Data section START

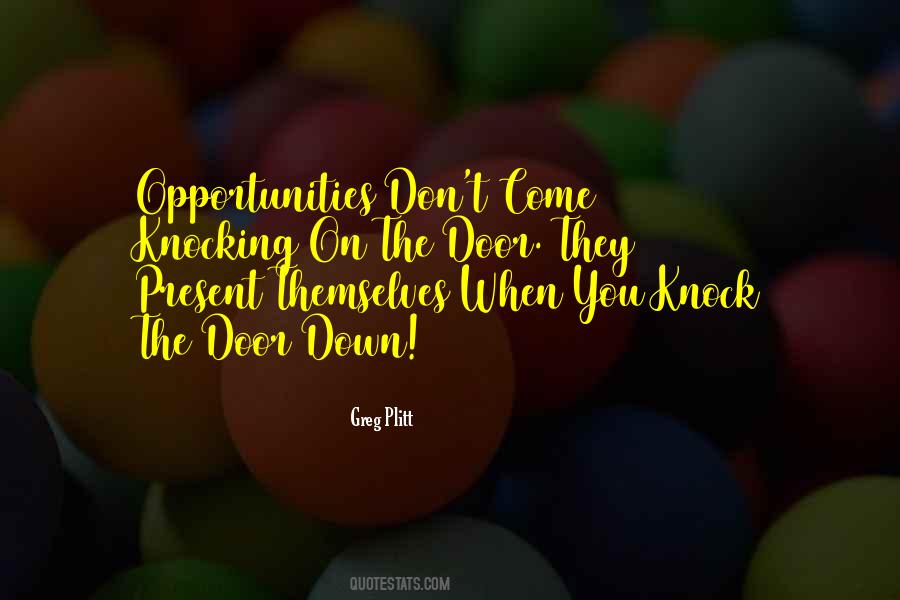 Quotes About Opportunity Knocking #81835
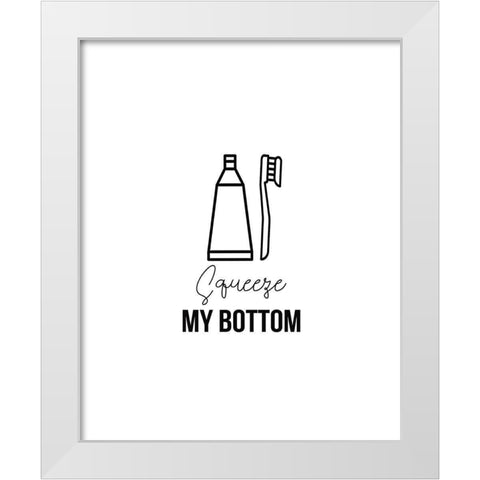 Squeeze My Bottom 2 White Modern Wood Framed Art Print by Straatsma, Leah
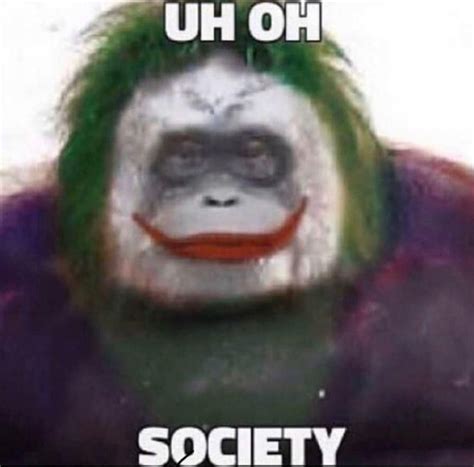 UH OH, SOCIETY | Gamer Joker / Gamers Rise Up / We Live in a Society ...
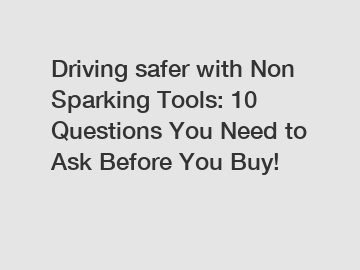 Driving safer with Non Sparking Tools: 10 Questions You Need to Ask Before You Buy!
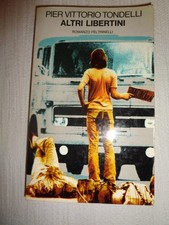 ALTRI LIBERTINI Pier Vittorio Tondelli * Feltrinelli 1980 3a edizione /288v/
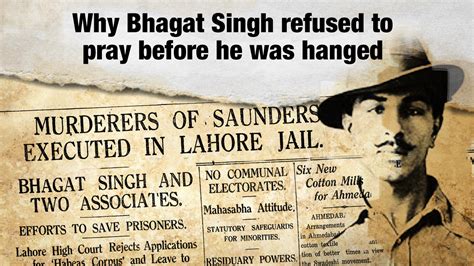 Why Bhagat Singh refused to pray before he was hanged - Times of India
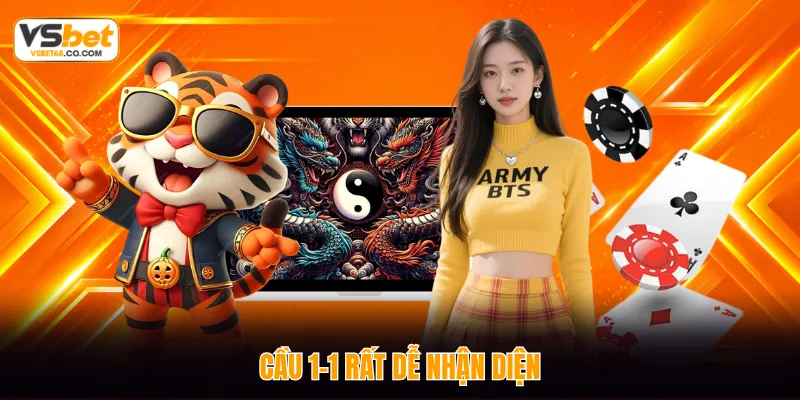 Cầu 1-1 rất dễ nhận diện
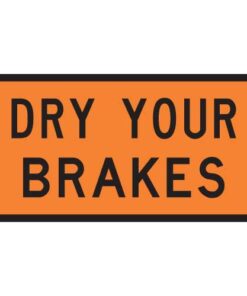 Dry Your Brakes Sign - Level 2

Data section END

*Task statement:* Pictures stay out. Print the data exactly, from its first line through the line containing "UH OH, SOCIETY".

*Result:*
 Quotes About Opportunity Knocking #81835
 Squeeze My Bottom 2 White Modern Wood Framed Art Print by Straatsma, Leah
 UH OH, SOCIETY | Gamer Joker / Gamers Rise Up / We Live in a Society ...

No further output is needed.